EXERCISE: Please copy each line of the listing below precisely, excluding the images.
[[ DATA EXCERPT, beginning ]]
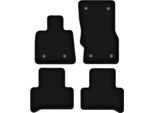 Tappetini In Velluto Per Alfa Romeo Stelvio 2X4 (2WD) (2016-, Suv) Neri, Set 4 Pz, Con Fissaggi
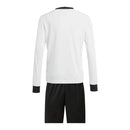 Kit infantil Seleção Alemanha Edição Aniversário 125 anos I 25/26 manga longa - Adidas - Branco com detalhes em preto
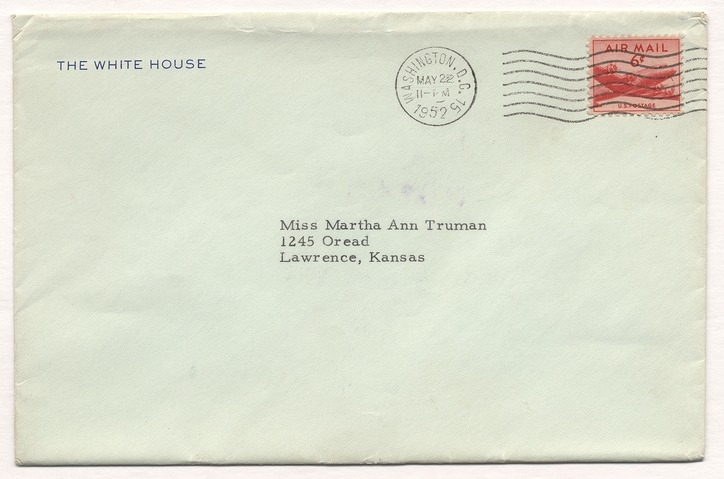 Letter from President Harry S. Truman to Martha Ann Truman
[[ DATA EXCERPT, end ]]
COMPLETED TASK:
 Tappetini In Velluto Per Alfa Romeo Stelvio 2X4 (2WD) (2016-, Suv) Neri, Set 4 Pz, Con Fissaggi
 Kit infantil Seleção Alemanha Edição Aniversário 125 anos I 25/26 manga longa - Adidas - Branco com detalhes em preto
 Letter from President Harry S. Truman to Martha Ann Truman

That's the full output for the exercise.